■ Records supplied:

Content starts

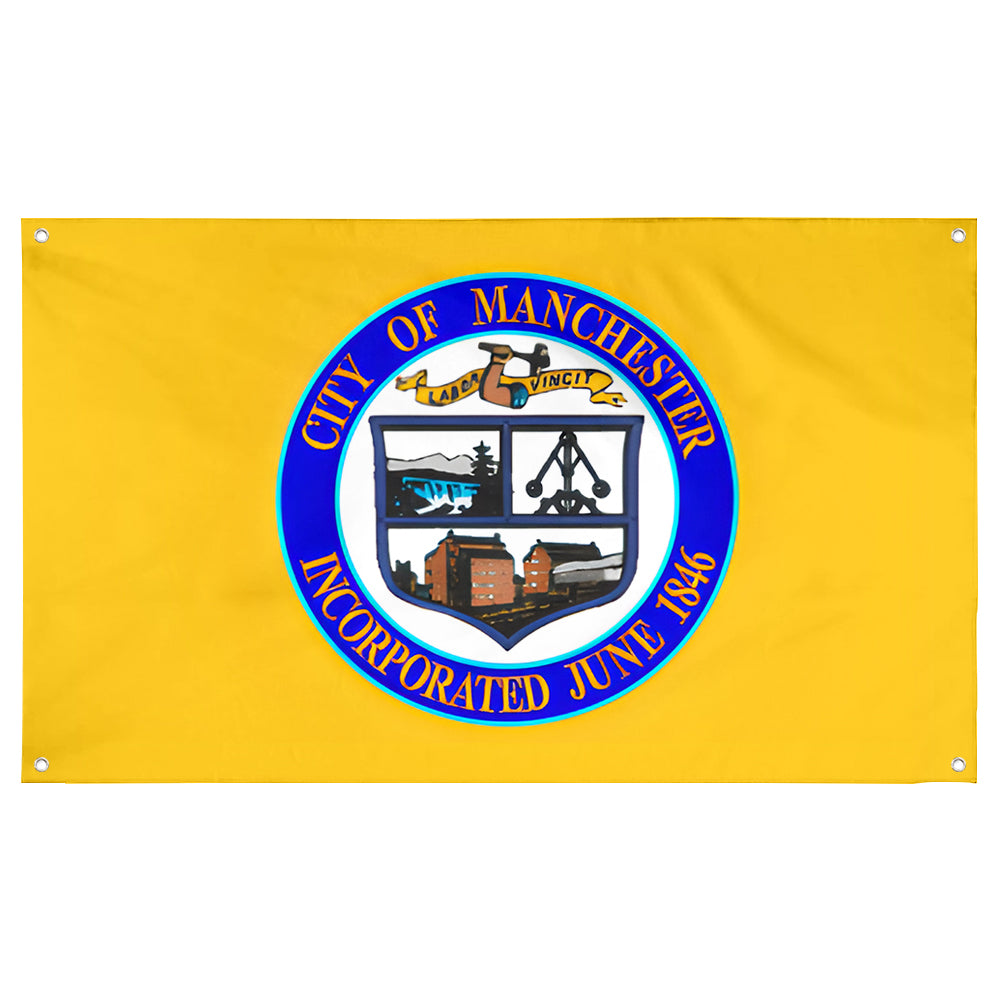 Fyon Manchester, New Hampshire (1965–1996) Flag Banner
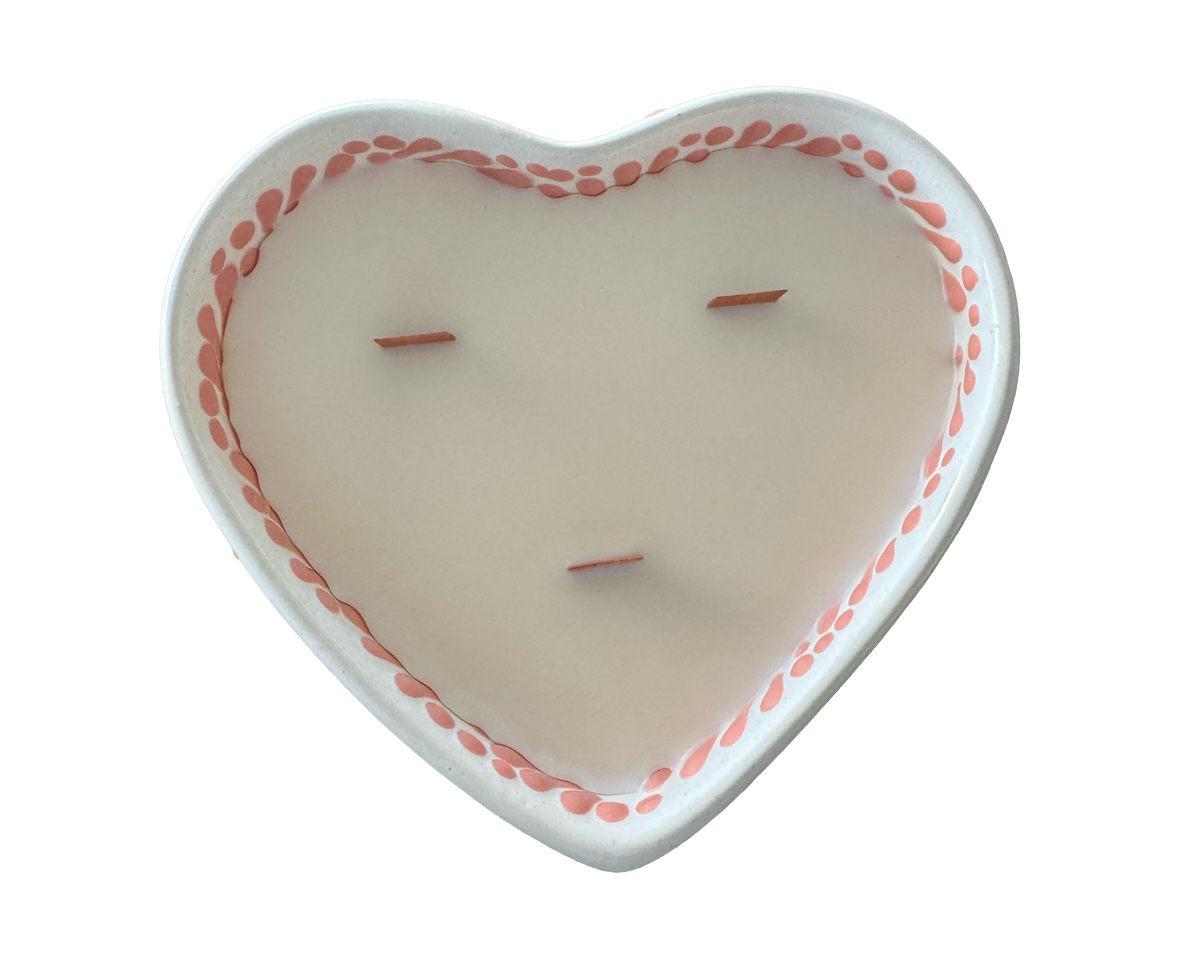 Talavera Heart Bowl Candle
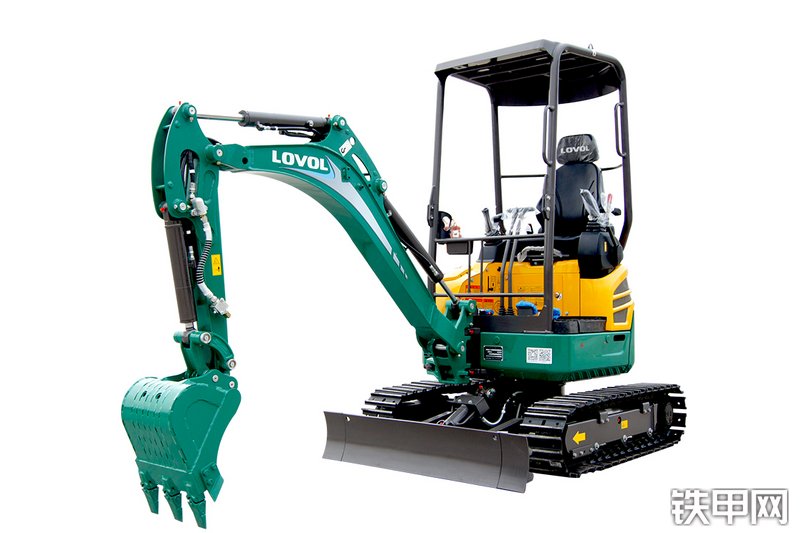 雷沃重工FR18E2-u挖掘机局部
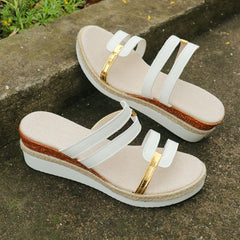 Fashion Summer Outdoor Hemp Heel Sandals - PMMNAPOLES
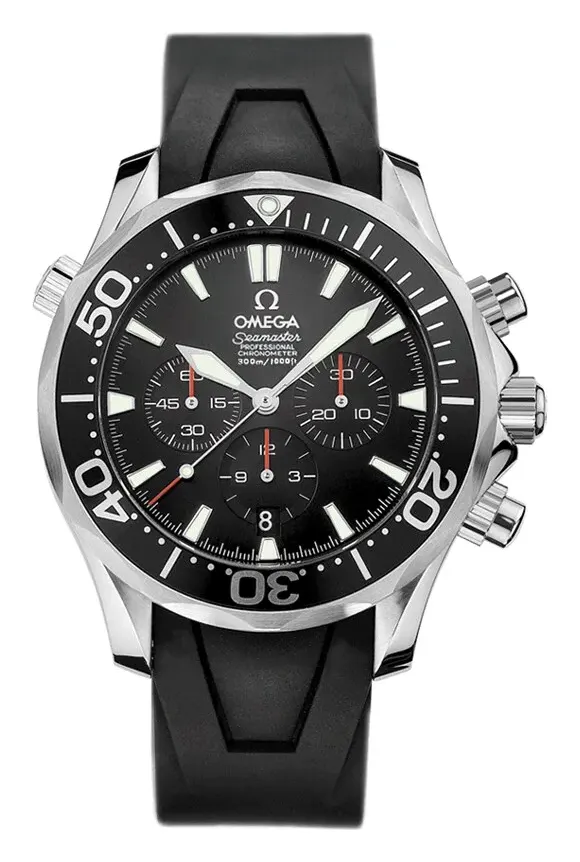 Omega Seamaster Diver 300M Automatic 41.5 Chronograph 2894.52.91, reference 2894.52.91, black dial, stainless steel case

Content ends
Content starts

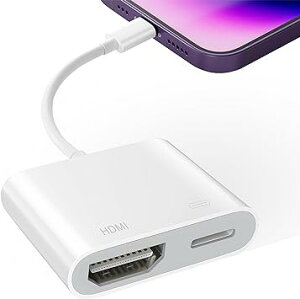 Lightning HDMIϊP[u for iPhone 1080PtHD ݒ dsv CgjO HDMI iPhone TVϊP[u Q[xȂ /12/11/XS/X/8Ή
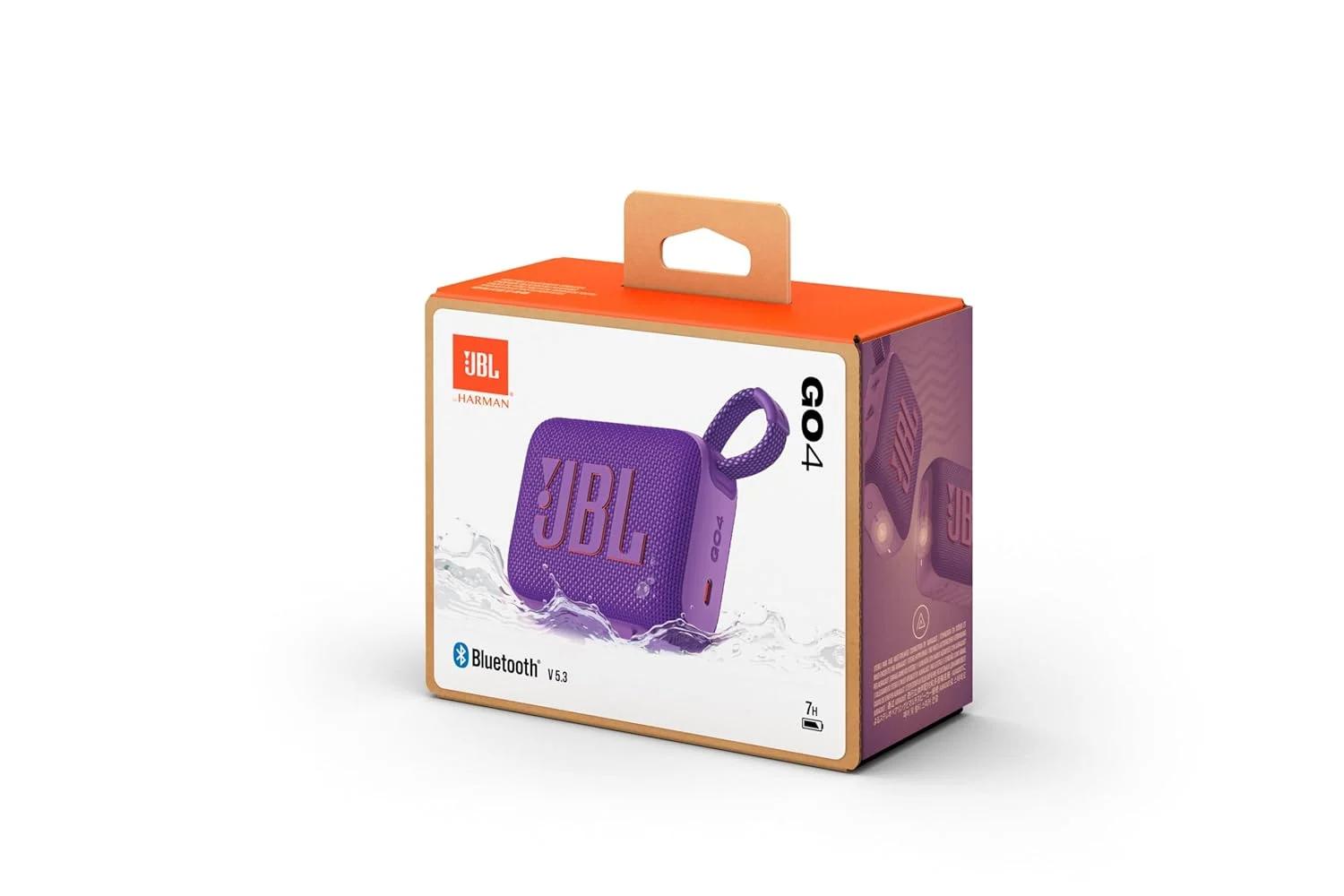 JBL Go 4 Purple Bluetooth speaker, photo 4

Content ends

Take the lines above starting at the one containing "Fyon Manchester, New" and ending at the one containing "Omega Seamaster Diver", and print them again exactly, without pictures.

■ Problem solution:
 Fyon Manchester, New Hampshire (1965–1996) Flag Banner
 Talavera Heart Bowl Candle
 雷沃重工FR18E2-u挖掘机局部
 Fashion Summer Outdoor Hemp Heel Sandals - PMMNAPOLES
 Omega Seamaster Diver 300M Automatic 41.5 Chronograph 2894.52.91, reference 2894.52.91, black dial, stainless steel case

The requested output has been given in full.